Harmonisation would scarcely lead to more favourable conditions for consumers or an extension of the product range because of the different financing cultures in the Member States.
On the occasion of the hearing organised by the European Commission on “Responsible lending and borrowing”, the European Federation of Building Societies (EFBS) calls on the Commission to view the varying impact of the financial crisis on individual EU member states with the necessary differentiation, and not to misuse it as a pretext for uniform EU-wide regulation of housing finance.
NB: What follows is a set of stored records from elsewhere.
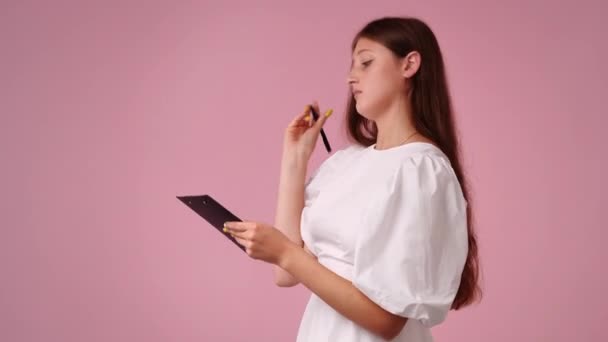 Video One Girl Taking Notes Pink Background Concept Emotions — Stockvideo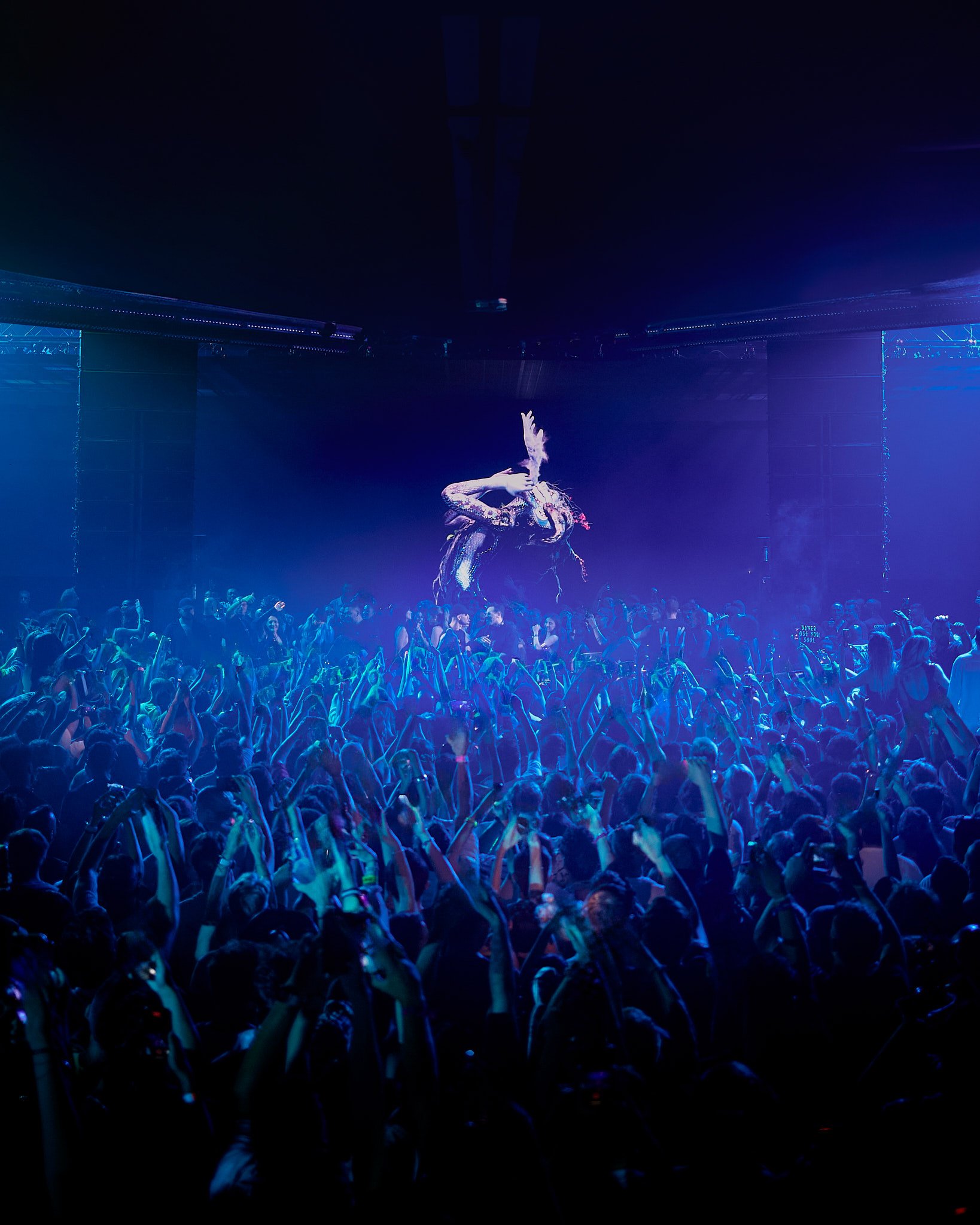 Concierto con un escenario iluminado en tonos azules y una multitud de personas bailando y levantando las manos, en el centro hay una artista cantando con un fondo oscuro.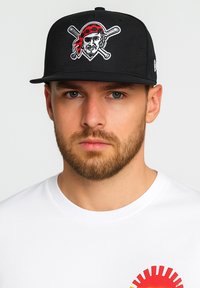 Schwarze Baseballmütze mit gesticktem Piratenmotiv, das ein rotes Bandana und gekreuzte Schläger zeigt. Getragen mit einem schlichten weißen Shirt.
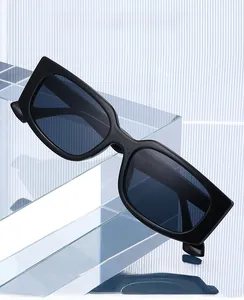 Detail of black square PC frame sunglasses showing temple specs on acrylic stand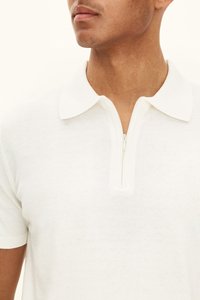 Valkoinen vetoketjullinen poolopaita, jossa on pehmeä pinta, lyhyet hihat ja klassinen kaulus. Edessä vetoketju sulkemista varten ja saumaton muotoilu.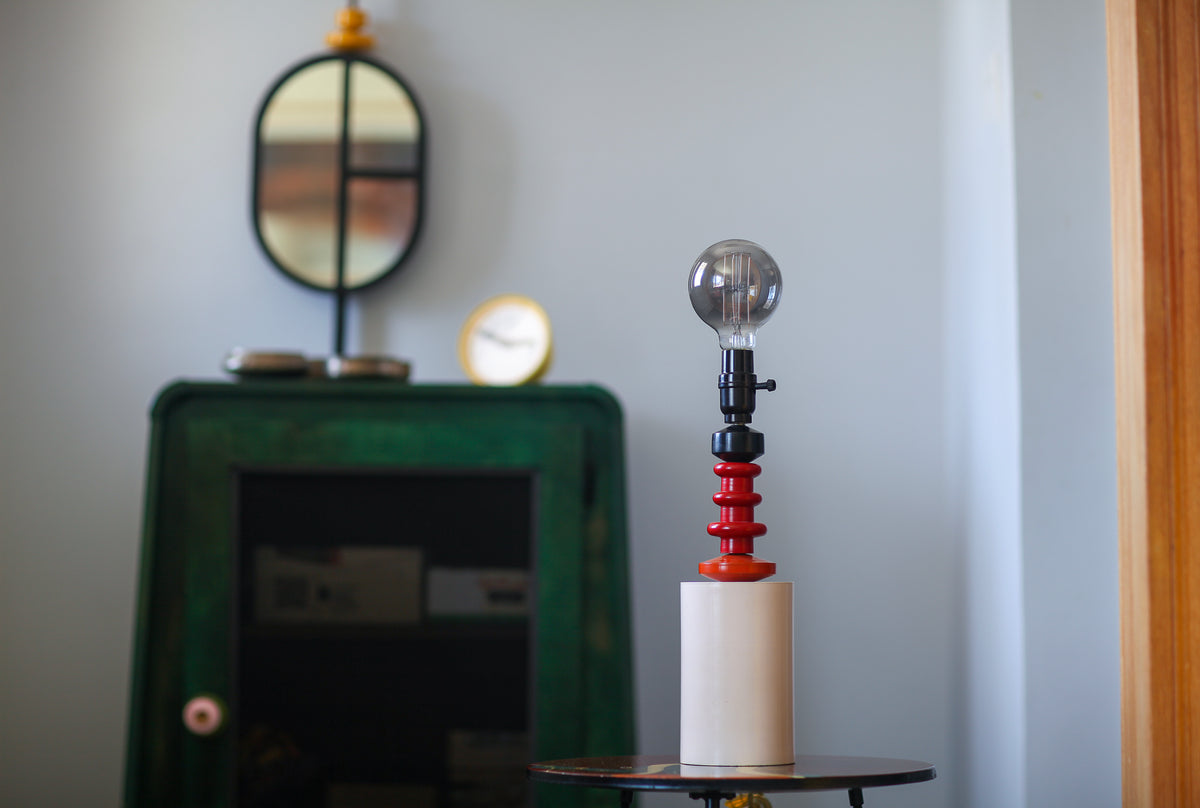 Decorative lamp with spherical shade on a small table.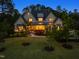 Striking two-story home surrounded by lush trees and greenery with warm lighting at dusk at 5125 Avalaire Oaks Dr, Raleigh, NC 27614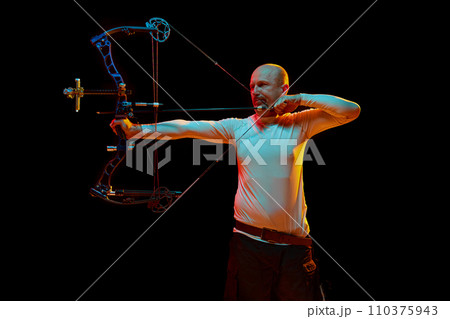 Man, professional archer training, aiming archery bow into target against black studio background in neon light. Archery sport, competition Man, professional archer training, aiming archery bow into target against black studio background in neon light. Archery sport, competition 110375943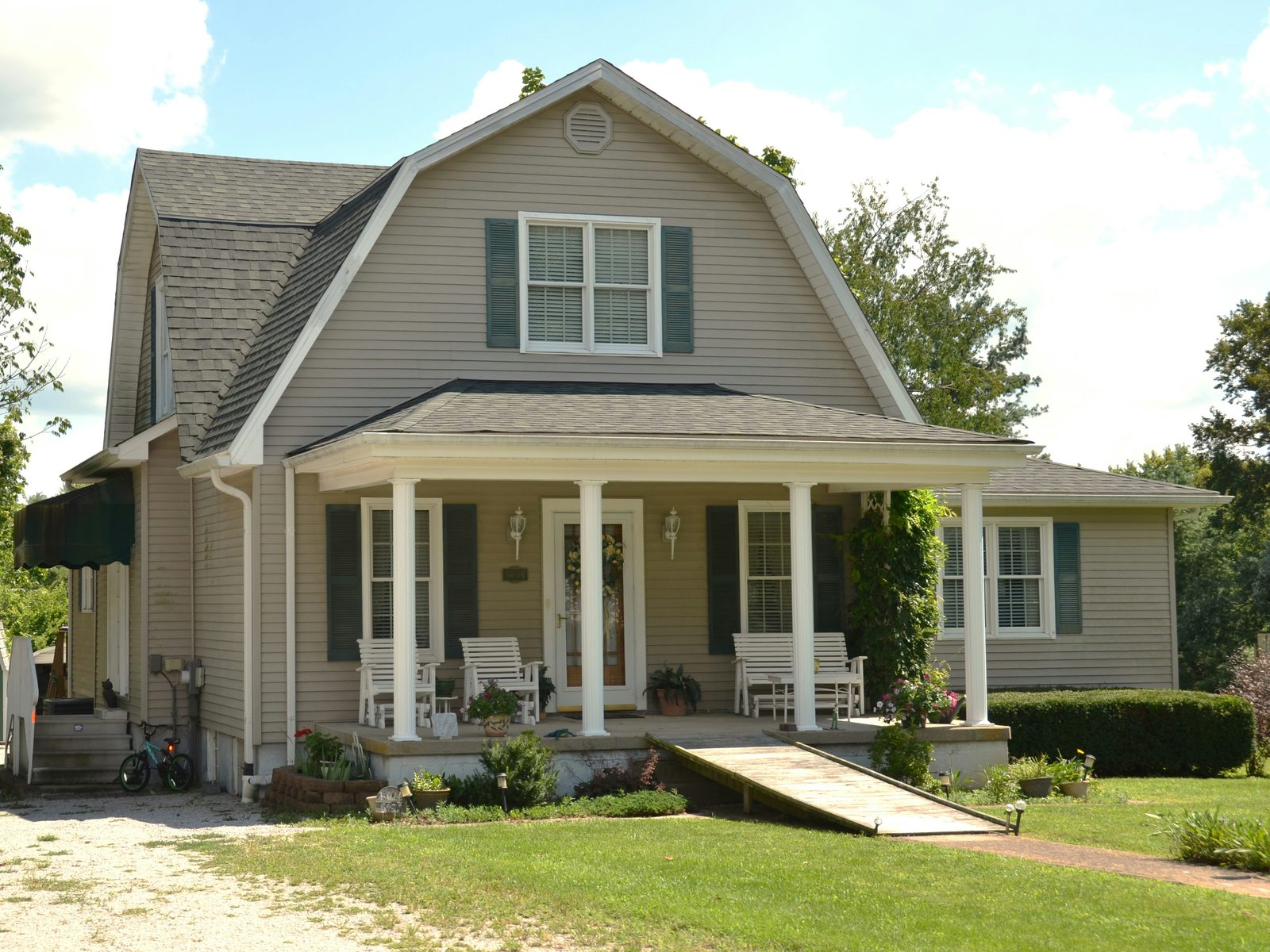 A house with a gambrel roof and a deep front porch with rocking chairs
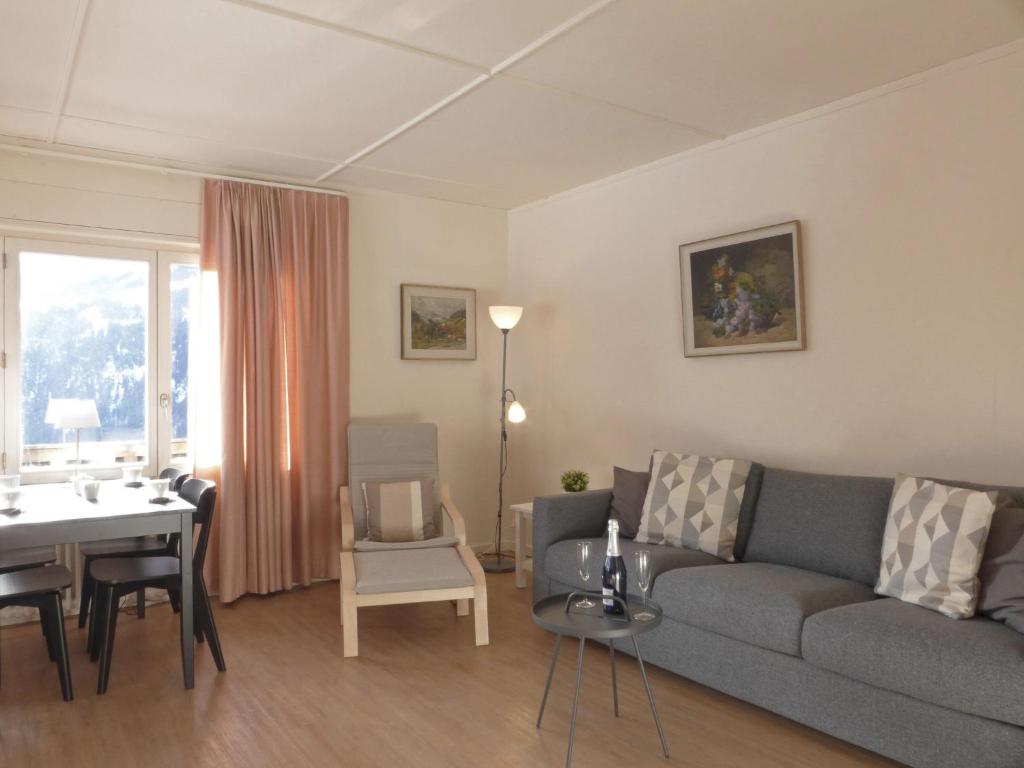 a living room with a couch and a table at Apartment Helene Apt Diana by Interhome in Wengen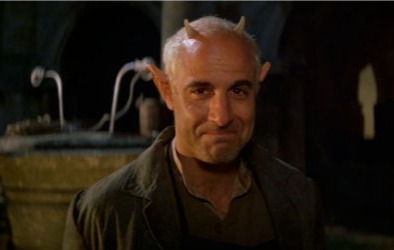 Stanley Tucci as a street sweeper Puck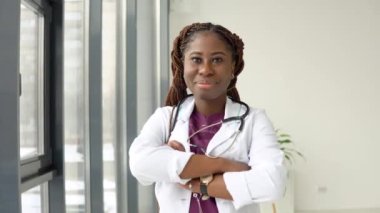 Afrika kökenli Amerikalı kadın doktor ya da hemşire klinikte tıp kıyafeti içinde kameraya bakıyor.
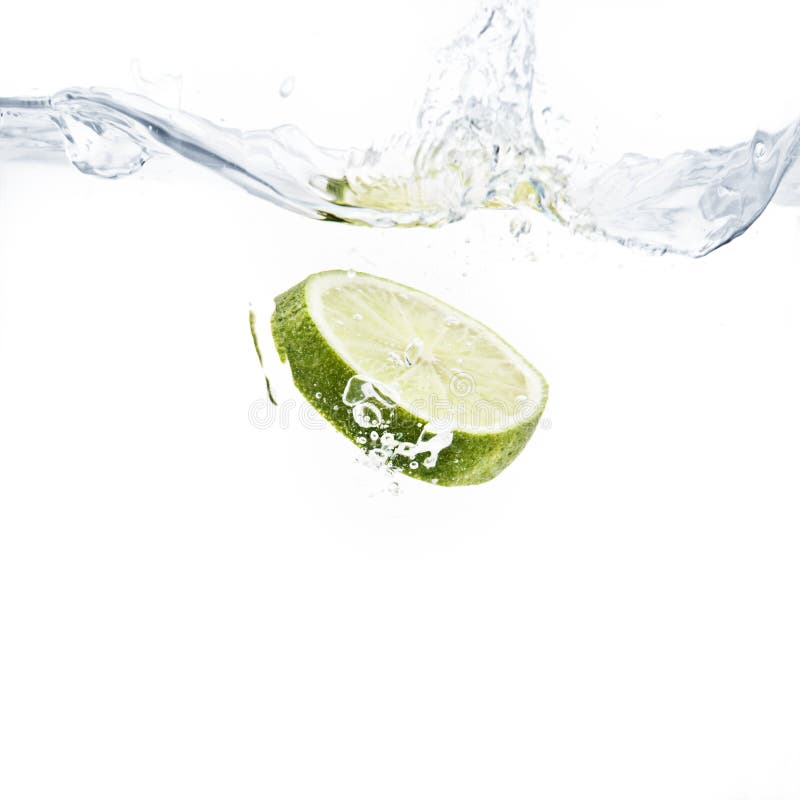 Lime slice splashing into water with white background. Lime slice splashing into water with white background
In its position paper on the consultation document presented by the European Commission, the
EFBS emphasises that it sees no need for the “horizontal Directive” on “responsible lending” obviously being planned by the Commission, which would also cover mortgage credit that hitherto has not been regulated at EU level. The consultation process on the “White Paper on Mortgage Credit” of December 2007 already showed that harmonisation would scarcely lead to more favourable conditions for consumers or an extension of the product range, on account not only of the different financing cultures in the member states, but also, and above all, of the alignment of the refinancing conditions on the capital markets since the introduction of the euro, said Federation Managing Director,
Andreas J. Zehnder.
Instead of introducing new pan-European regulations on creditworthiness assessment and determining collateral value and deliberating on advice standards and credit intermediaries, the European Commission should ask instead why the financial crisis caused difficulties to home-buyers only in some member states, but not in others. “The answer is obvious,” Zehnder continued. “In countries like Germany, France and Luxembourg housing finance was unaffected by turbulence because borrowers there traditionally finance with high equity rates and fixed rates of interest.”